REQUIRED WORK: Repeat each record exactly. Any picture gets left out.

◆ ◆ ◆ ◆ ◆ ◆ ◆

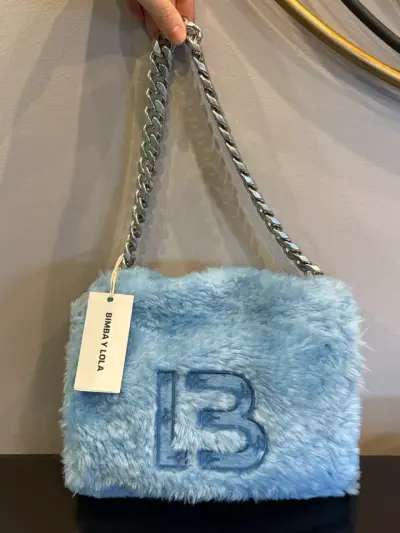 Bolso de peluche azul Bimba y Lola con cadena - miniatura 1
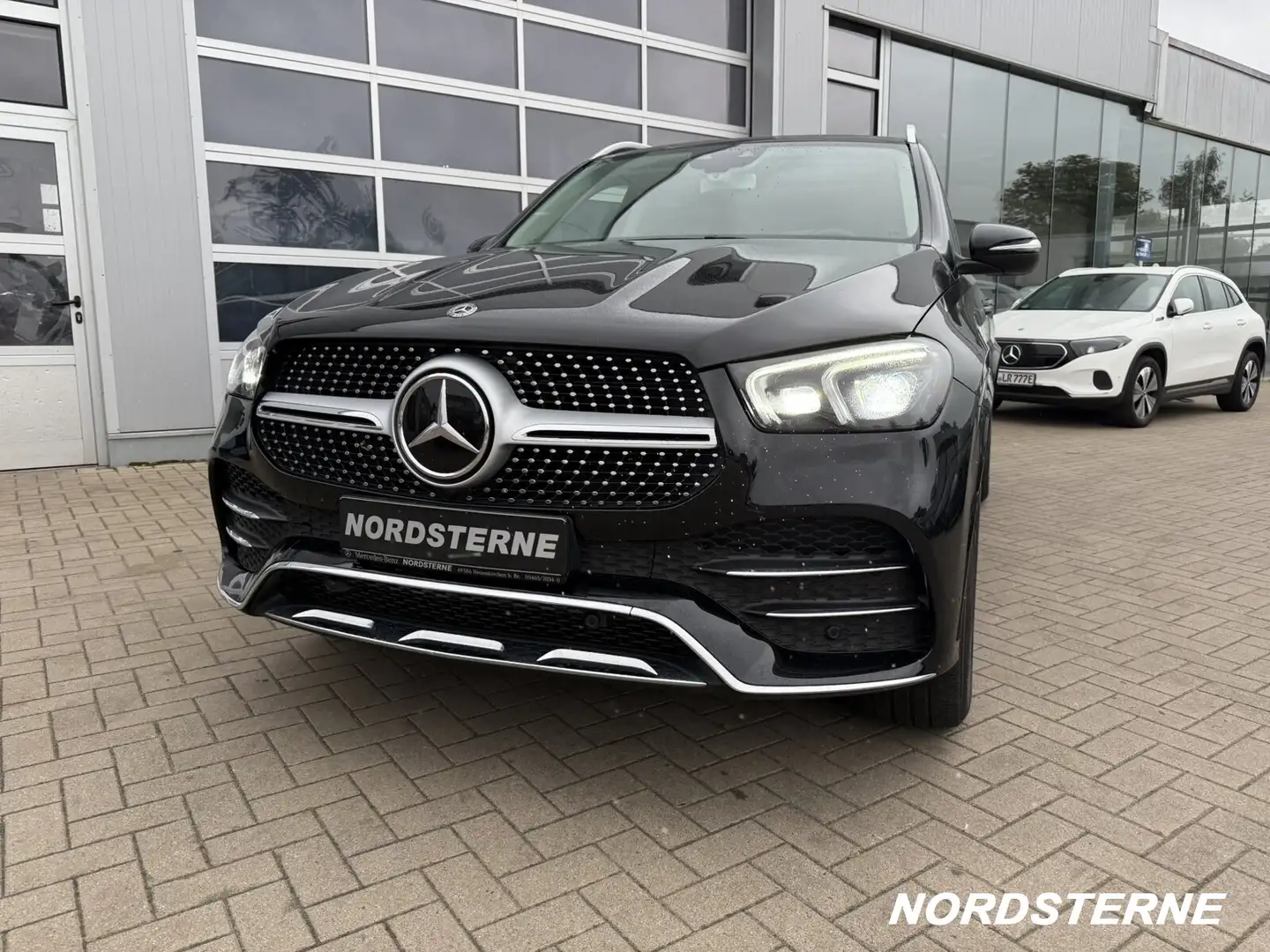 Mercedes-Benz GLE 300 GLE 300 d 4M AMG-Line Panorama Distronic AHK ILS Noir - 2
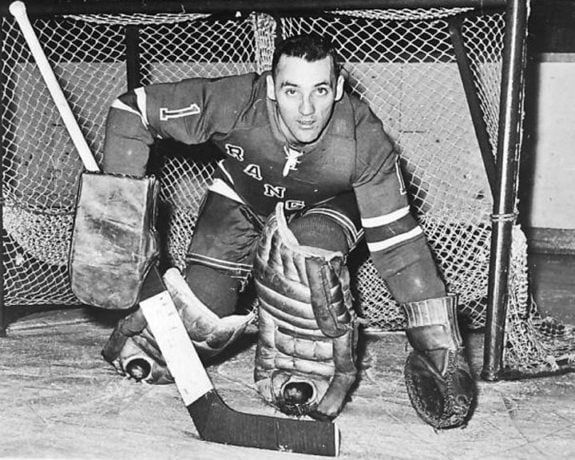 Jacques Plante - pierwszy bramkarz, który chronił swoją twarz. źródło zdjęcia: https://thehockeywriters.com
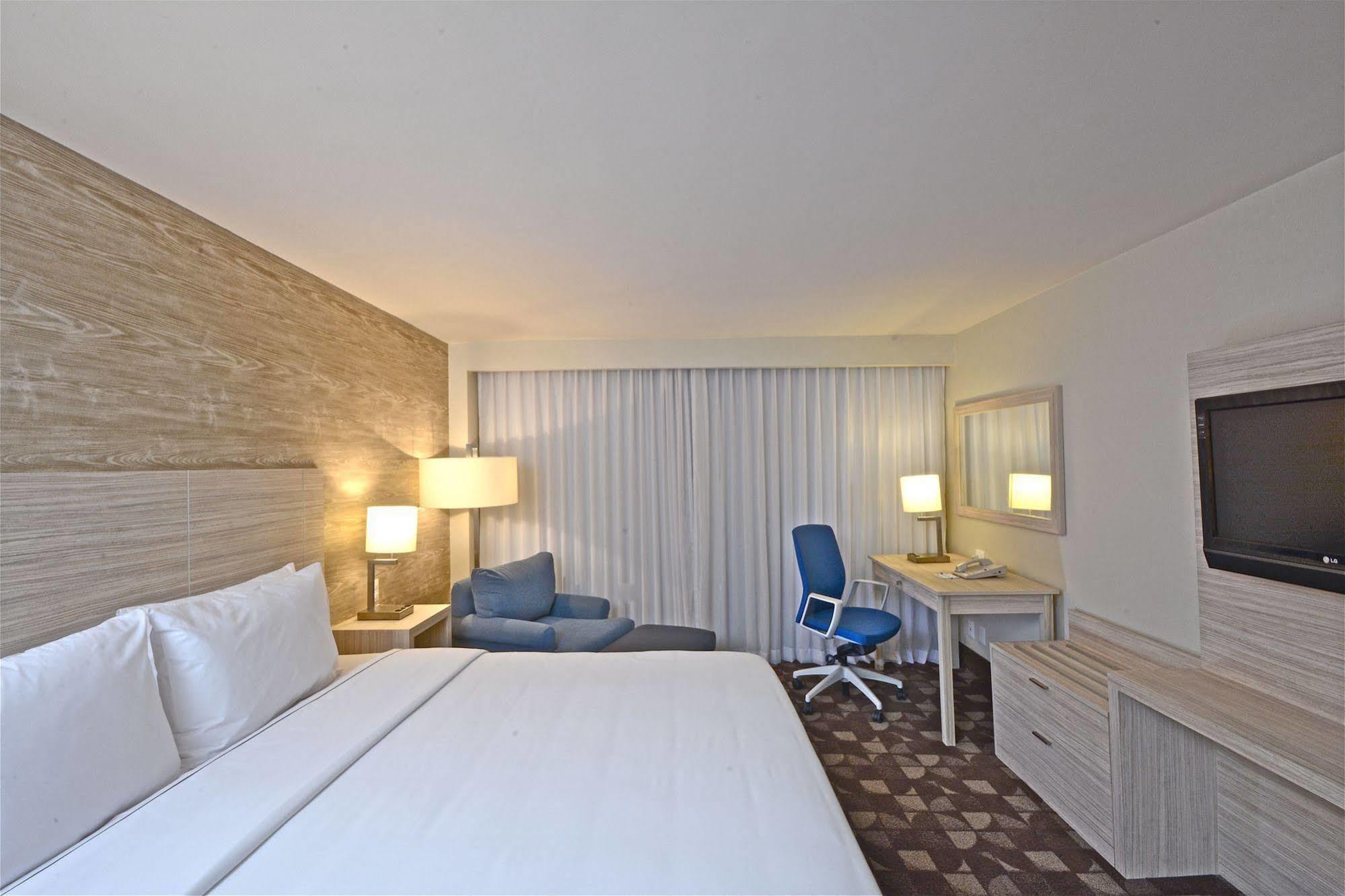 Holiday Inn Express Toluca By Ihg Exteriör bild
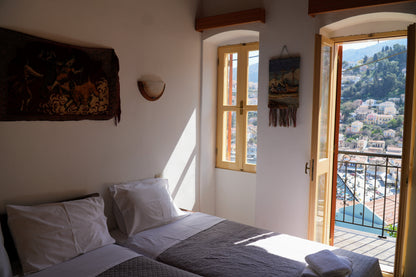 Panoramic View House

◆ ◆ ◆ ◆ ◆ ◆ ◆

ANSWER SPACE:
 Bolso de peluche azul Bimba y Lola con cadena - miniatura 1
 Mercedes-Benz GLE 300 GLE 300 d 4M AMG-Line Panorama Distronic AHK ILS Noir - 2
 Jacques Plante - pierwszy bramkarz, który chronił swoją twarz. źródło zdjęcia: https://thehockeywriters.com
 Holiday Inn Express Toluca By Ihg Exteriör bild
 Panoramic View House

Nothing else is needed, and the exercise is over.